Schoenstatt Easter Experience for Families
Deeper Faith and Understanding of Paschal Mysteries
(mkf) Ten couples with 19 children - most of them kindergarten age or younger - enjoyed an Easter retreat for families in the House of the Family, Schoenstatt, April 19 -26, 2000. The first Holy Communion of one child on Holy Thursday, Stations of the Cross-nailing personal bonds to the cross (see Colossians 2:14)-, teaching about the symbols of the Easter ceremonies, common prayer and meditation provided a profound Easter experience for the participants: "Actually, we think we know about Jesus' suffering, death, and resurrection. It's the center of our faith. But honestly - we never took the time to really ponder about it. It was sure good to finally do this."
Ten families from the dioceses of Fulda, Hildesheim, Essen, Rottenburg-Stuttgart and Würzburg arrived on Wednesday, April 19, 2000, for a Schoenstatt Easter retreat for families. "We simply wanted to experience the Easter ceremonies in a more profound way - and together with our children."
Where are you staying?
On their arrival, the families were invited to build houses of cardboard as a way to become acquainted with each other. The disciples asked Jesus: "Where are you staying?" (John 1:38), to find who he was! These houses, then, were placed in the entrance hall. Each morning, the families met there for morning prayer, adding a specific symbol each day: a table on Holy Thursday, mindful of the meals, as Jesus chose the moment and symbols of a meal for the Eucharist; a cross on Good Friday, the Jubilee Sign on Saturday, and flowers as a sign of new life on Sunday. One toddler best understood the meaning of these houses - she hid her Easter candy in her family's house!

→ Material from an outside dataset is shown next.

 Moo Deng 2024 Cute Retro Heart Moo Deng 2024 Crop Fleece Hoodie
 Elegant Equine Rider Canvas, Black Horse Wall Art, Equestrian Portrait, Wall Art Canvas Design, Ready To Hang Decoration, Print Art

Each day, Schoenstatt Father Thomas Fluhr introduced the specific ceremony of the day - Holy Thursday, Good Friday, Easter Vigil. "It meant a lot to me to understand how the death penalty was seen in the Roman Empire, and how executions were done. We are used to thinking of Jesus being crucified - maybe too much so."

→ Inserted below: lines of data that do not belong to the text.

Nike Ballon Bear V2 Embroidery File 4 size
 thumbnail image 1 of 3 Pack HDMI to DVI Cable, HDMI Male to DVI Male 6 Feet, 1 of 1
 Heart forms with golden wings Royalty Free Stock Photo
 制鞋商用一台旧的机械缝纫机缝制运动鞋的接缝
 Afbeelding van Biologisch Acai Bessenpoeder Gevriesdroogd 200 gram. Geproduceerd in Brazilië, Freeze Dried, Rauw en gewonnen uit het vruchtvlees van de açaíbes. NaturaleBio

Families Making Well-Known Ceremonies and Rituals Their Own
What does the washing of the disciples' feet mean? Serving each other - so the adults were encouraged to do one hour of practical service for each other on Holy Thursday: doing dishes or house cleaning, helping with the children's program....
With enthusiasm, the families helped prepare the liturgical celebrations—thus making them their own. A special highlight was a child's first Holy Communion on Holy Thursday.

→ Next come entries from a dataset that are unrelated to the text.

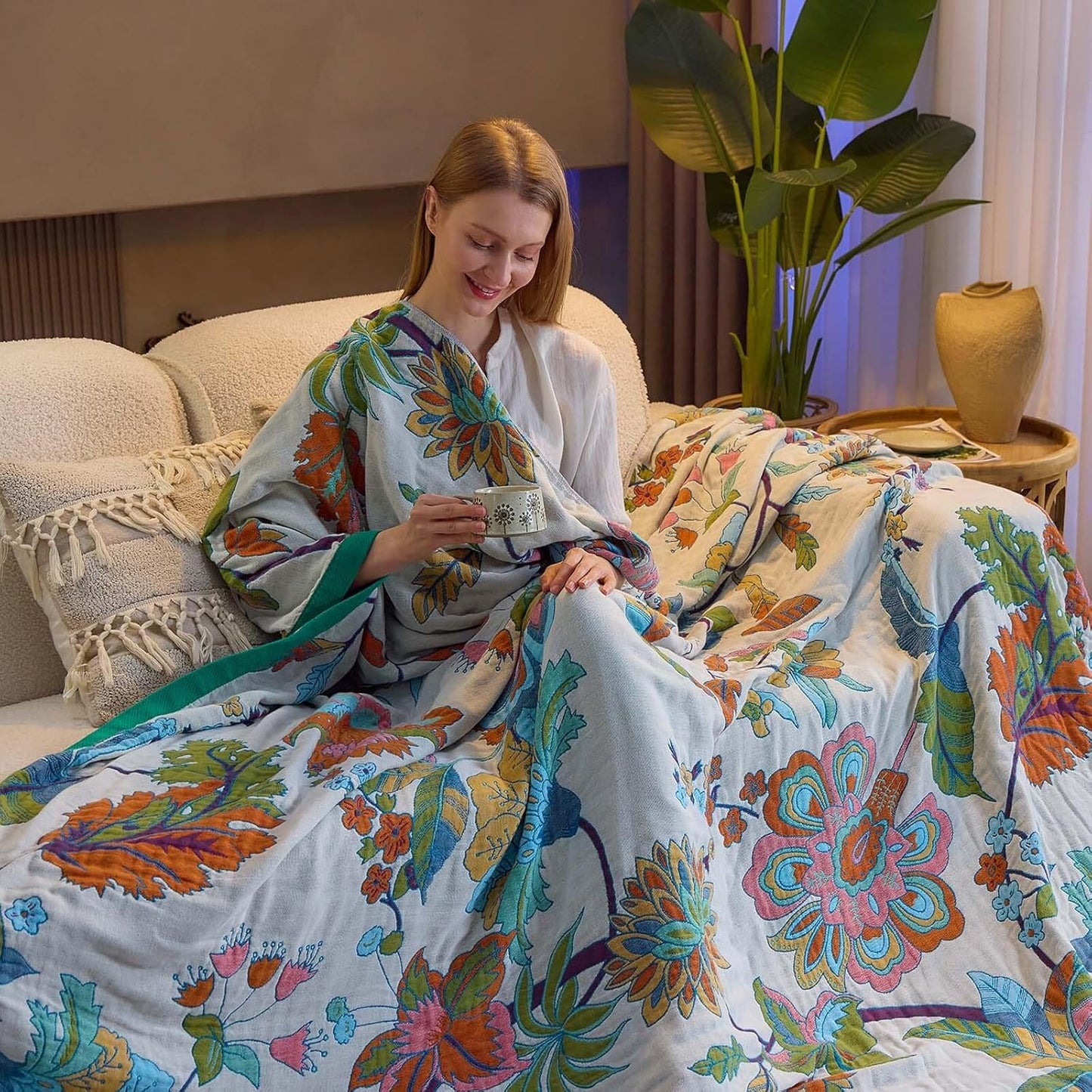 Summer Throw Blanket, 90"x98" Reversible Bohemian Flower Blanket, 100% Cotton Muslin Breathable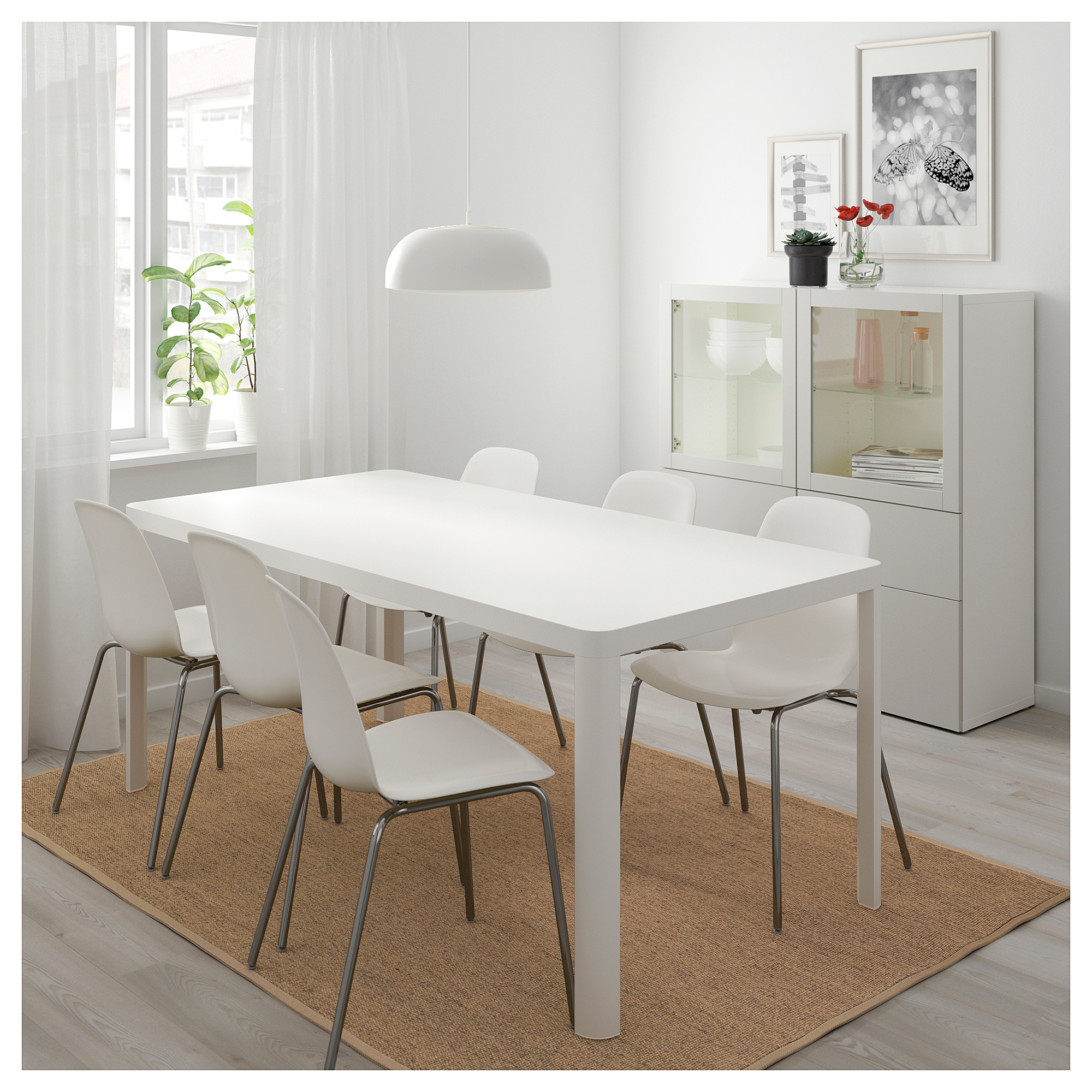 LEIFARNE TINGBY meja dan 6 kursi putih putih IKEA Indonesia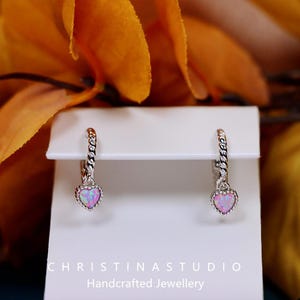 Dangling Opal Teardrop Hugie Hoop Earrings, Birthstone Earrings, Multi Color Opal Droplet Sterling Silver Earrings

A makeshift cross of branches was carried for the stations of the cross on Good Friday from the House of the Families down to the shrine. Each couple had been invited to write a "bond" - according to Colossians 2:14 - including all the failures and problems Jesus should cancel, giving his salvation and redemption. These "letters of guilt and need for redemption" were placed in envelopes, sealed, and nailed to the cross. In the afternoon, during the liturgy of Good Friday, a crucifix was put onto the makeshift cross for the veneration of the cross. Each family, then, went forth and placed a red rose by the cross - parents and children together.
"Jesus was so close," said one man. "Children are so much more spontaneous," said a woman. "It touched me when my little one gently stroked Jesus, whispering: 'I'm here with you!'"
On Saturday, the families meditated on the crown of thorns, decorated Easter candles, and had time - like on the others days - for silent prayer and sharing, specially as a couple. Some dads and boys spent time collecting logs for the Easter fire. "We could have had a fire all night," one woman commented. "They brought so much!" Others prepared garlands and bouquets of flowers for the crucifix, and Easter candle.
The Easter fire was lit at 9:00 p.m., and then all processed around the house and to the house chapel for the Easter Vigil. After the baptism renewal, white magnolias were placed on the crown of thorns. Father Fluhr went to every family with a vessel containing holy water, inviting them to make the sign of the cross on each other's forehead.
On Monday after Easter - a public holiday in Germany - the families brought the cardboard houses to the shrine and placed their Easter candles in the houses. The Easter light they had received in Schoenstatt is to light their houses - and radiate beyond.